Loopholes must be closed in federal background checks, as has been done in Colorado after a pair of horrific shootings, Sen. Michael Bennet, D-Colo., said Thursday.
"It's important for us to close the loopholes that exist in the federal background checks," Bennet, who was the superintendent of Denver Public Schools before becoming a senator, told MSNBC's "Morning Joe." "That's what we've done in Colorado. You ask why aren't things possible in Washington?

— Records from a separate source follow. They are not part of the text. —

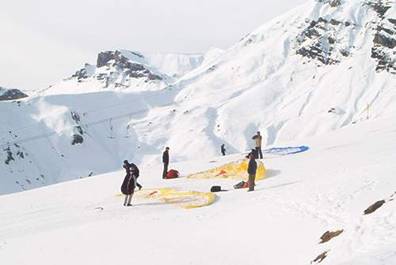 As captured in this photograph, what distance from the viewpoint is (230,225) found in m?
20.7

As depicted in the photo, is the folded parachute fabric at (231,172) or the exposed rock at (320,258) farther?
the folded parachute fabric at (231,172)

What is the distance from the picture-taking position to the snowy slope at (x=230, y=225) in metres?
16.4

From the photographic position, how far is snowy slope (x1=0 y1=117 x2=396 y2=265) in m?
16.4

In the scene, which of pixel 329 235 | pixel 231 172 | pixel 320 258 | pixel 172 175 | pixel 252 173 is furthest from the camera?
pixel 172 175

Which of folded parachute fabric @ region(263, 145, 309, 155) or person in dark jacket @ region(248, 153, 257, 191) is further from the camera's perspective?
folded parachute fabric @ region(263, 145, 309, 155)

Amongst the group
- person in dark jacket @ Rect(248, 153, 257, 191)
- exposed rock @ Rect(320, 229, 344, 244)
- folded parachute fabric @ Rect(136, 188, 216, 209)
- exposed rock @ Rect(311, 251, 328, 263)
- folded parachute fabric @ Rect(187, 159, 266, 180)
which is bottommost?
folded parachute fabric @ Rect(187, 159, 266, 180)

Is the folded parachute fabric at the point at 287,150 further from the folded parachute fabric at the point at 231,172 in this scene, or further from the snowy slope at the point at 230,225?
the snowy slope at the point at 230,225

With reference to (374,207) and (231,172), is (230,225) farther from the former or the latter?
(231,172)

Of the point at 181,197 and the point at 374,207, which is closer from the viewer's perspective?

It's a mystery."
In Colorado, lawmakers closed loopholes and a law was passed through the state's legislature that limited the size of ammunition magazines, Bennet said, and "we should do the same thing in Washington."
The moves have made a considerable impact in the state, he continued.
Out of 380,000 people applying gun permits last year, about 8,000 were denied, Bennet said, including applications from "murderers, rapists, domestic murders, rapists, domestic abusers."
"I challenge anybody in the United States Senate to come down here and make the case that Colorado is not safer for having kept guns out of the hands of murders, rapists and domestic abusers," Bennet said. "We could do it at a national level."
It is important the nation does not just move on to the next news, Bennet said, who noted his state has also seen a slate of shootings of law enforcement officers in the past few months.
When it comes to school shootings, Bennet said, in his experience, children do not move on.
"They carry this with them day after day after day, through their middle school years. Through their high school years."
It is "deeply unfair" for children to have to carry such a burden, he continued.
"It's not just the loss of life which is horrible and horrific, it's the effect it has on the culture and on the lives of our children," he said.
"We ought to do something about that."